*Task to complete*. An exact copy of the records below is required, and it must contain no pictures.

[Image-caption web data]
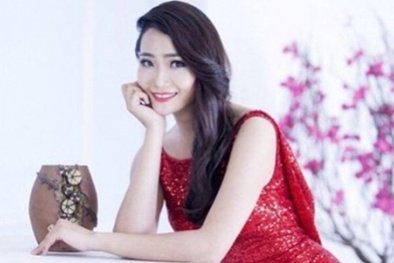 Phá đường dây người mẫu, diễn viên bán dâm ngàn USD giữa Sài Gòn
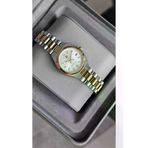 Raymond RYM-611189 RETRO QUARTZ KADIN KOL SAATİ - 2 YIL GARANTİ IPG-W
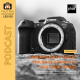 FLASH ACTU - S409 - Canon EOS R7 et R10, Tokina SZ 33 mm f/1,2 et VISA Pour l'Image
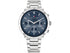 TOMMY HILFIGER WATCHES Mod. 1782349 Uhren, Schmuck und Accessoires günstig online kaufen
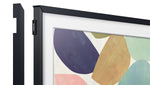 Samsung Black 32" Customizable Frame for The Frame TV - VG-SCFT32BL/ZA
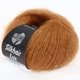 Lana Grossa SILKHAIR Lux | 516-golden brown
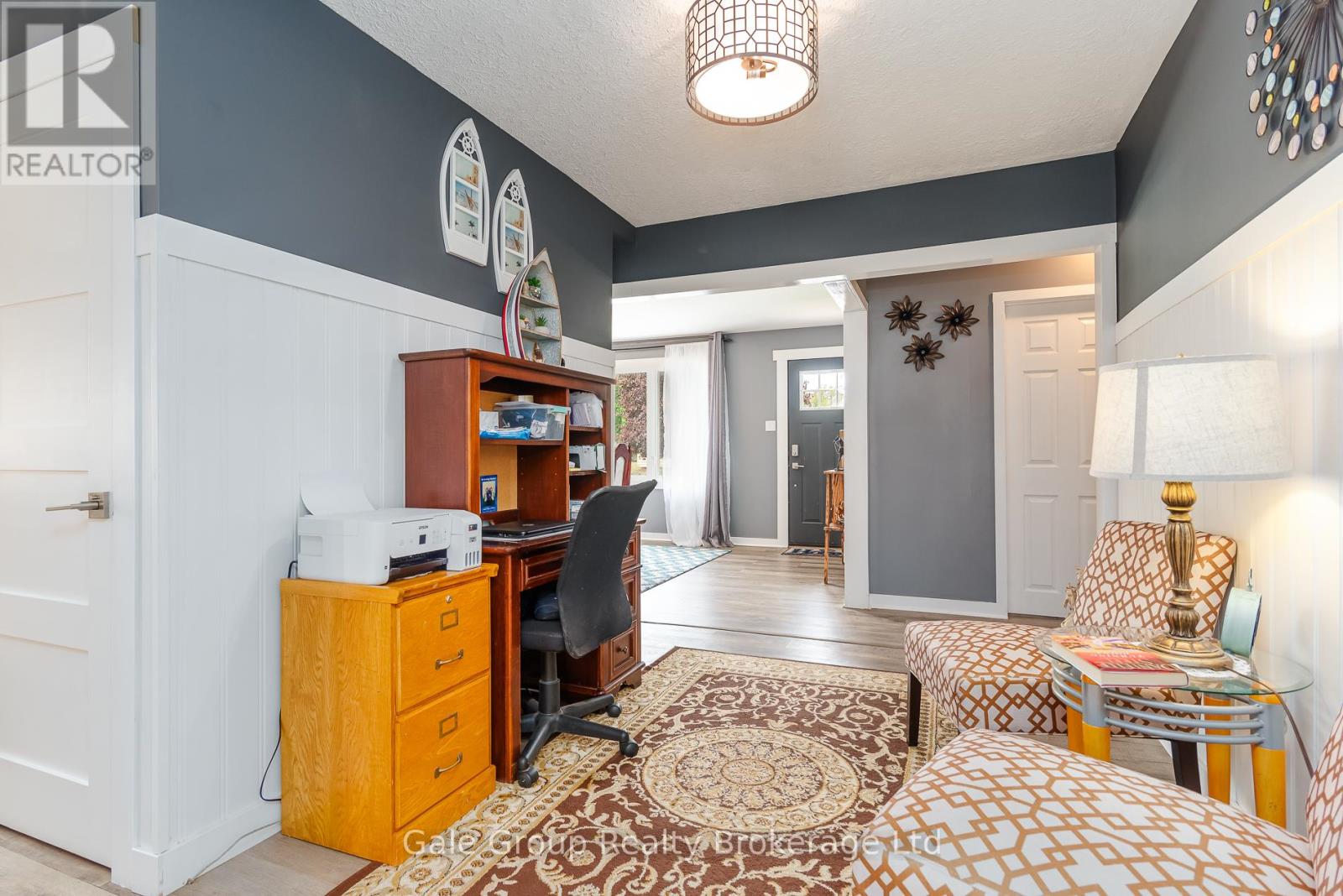 183 BYRON STREET - 31
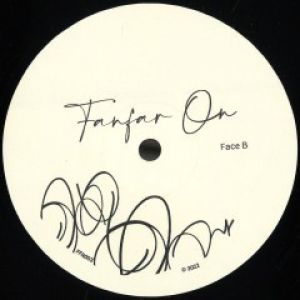 MARCHAND DE SABLE (DRAGUTESKU RMX)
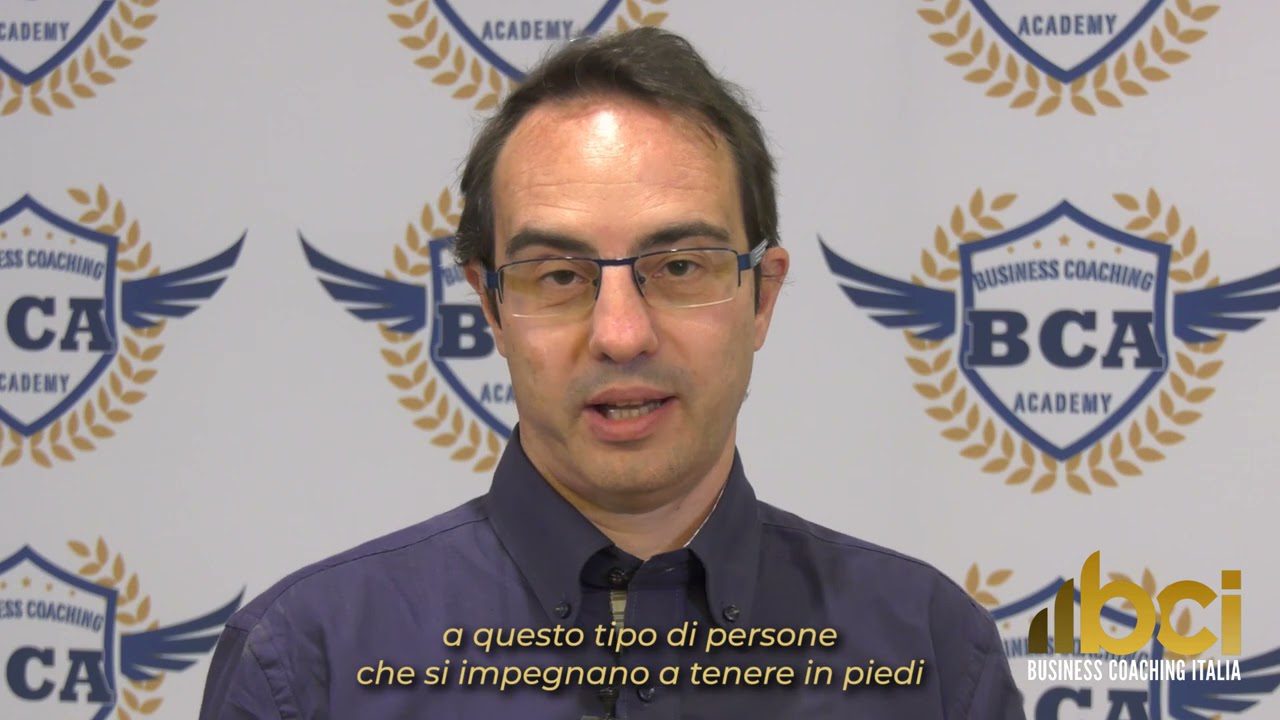 Video video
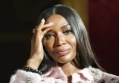 Naomi Campbell Quits MET Gala, Says She's 'Too Old' for the Event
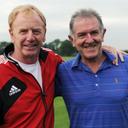 dermot clarke - @clarkienoo - Twitter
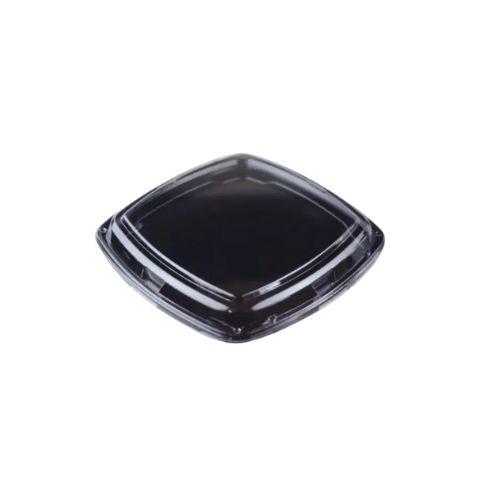 [5716] PS Sushi-Box M 400 Stück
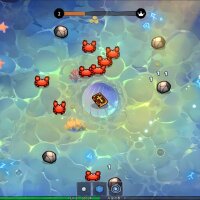 Book Shooter Torrent Download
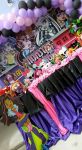 Joane Monster High 24/03/2015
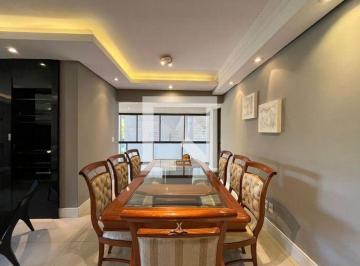 Apartamento Aluguel 171m² de 3 quartos · Apartamento para Aluguel - Moinhos de Vento, 3 Quartos, 171 m2 - Porto Alegre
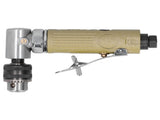 90 Degrees Elbow Air Drill Pneumatic Powerful Angle Drilling Machine Tapping Machine V1294-YM0721-3114210019911
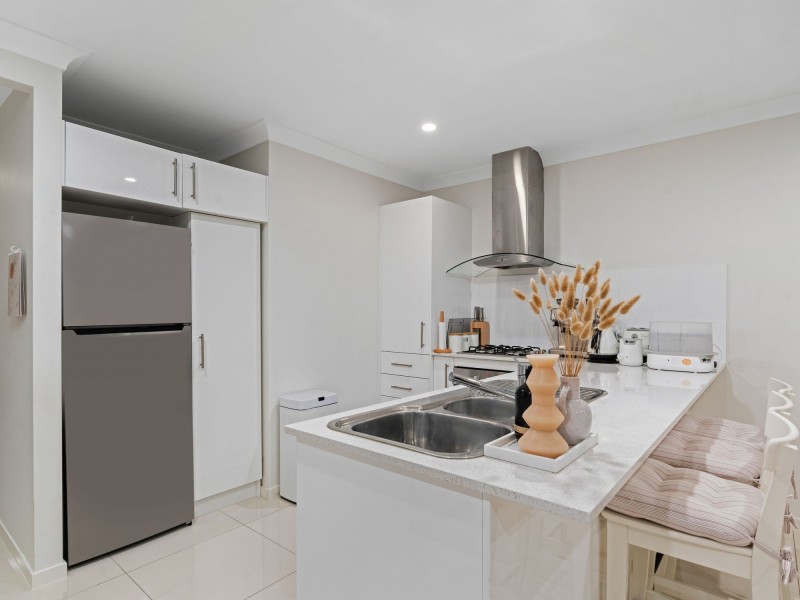 14 Bass Court, Oxenford QLD 4210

*Written response*.
 Phá đường dây người mẫu, diễn viên bán dâm ngàn USD giữa Sài Gòn
 Raymond RYM-611189 RETRO QUARTZ KADIN KOL SAATİ - 2 YIL GARANTİ IPG-W
 FLASH ACTU - S409 - Canon EOS R7 et R10, Tokina SZ 33 mm f/1,2 et VISA Pour l'Image
 TOMMY HILFIGER WATCHES Mod. 1782349 Uhren, Schmuck und Accessoires günstig online kaufen
 Samsung Black 32" Customizable Frame for The Frame TV - VG-SCFT32BL/ZA
 Lana Grossa SILKHAIR Lux | 516-golden brown
 183 BYRON STREET - 31
 MARCHAND DE SABLE (DRAGUTESKU RMX)
 Video video
 Naomi Campbell Quits MET Gala, Says She's 'Too Old' for the Event
 dermot clarke - @clarkienoo - Twitter
 [5716] PS Sushi-Box M 400 Stück
 Book Shooter Torrent Download
 Joane Monster High 24/03/2015
 Apartamento Aluguel 171m² de 3 quartos · Apartamento para Aluguel - Moinhos de Vento, 3 Quartos, 171 m2 - Porto Alegre
 90 Degrees Elbow Air Drill Pneumatic Powerful Angle Drilling Machine Tapping Machine V1294-YM0721-3114210019911
 14 Bass Court, Oxenford QLD 4210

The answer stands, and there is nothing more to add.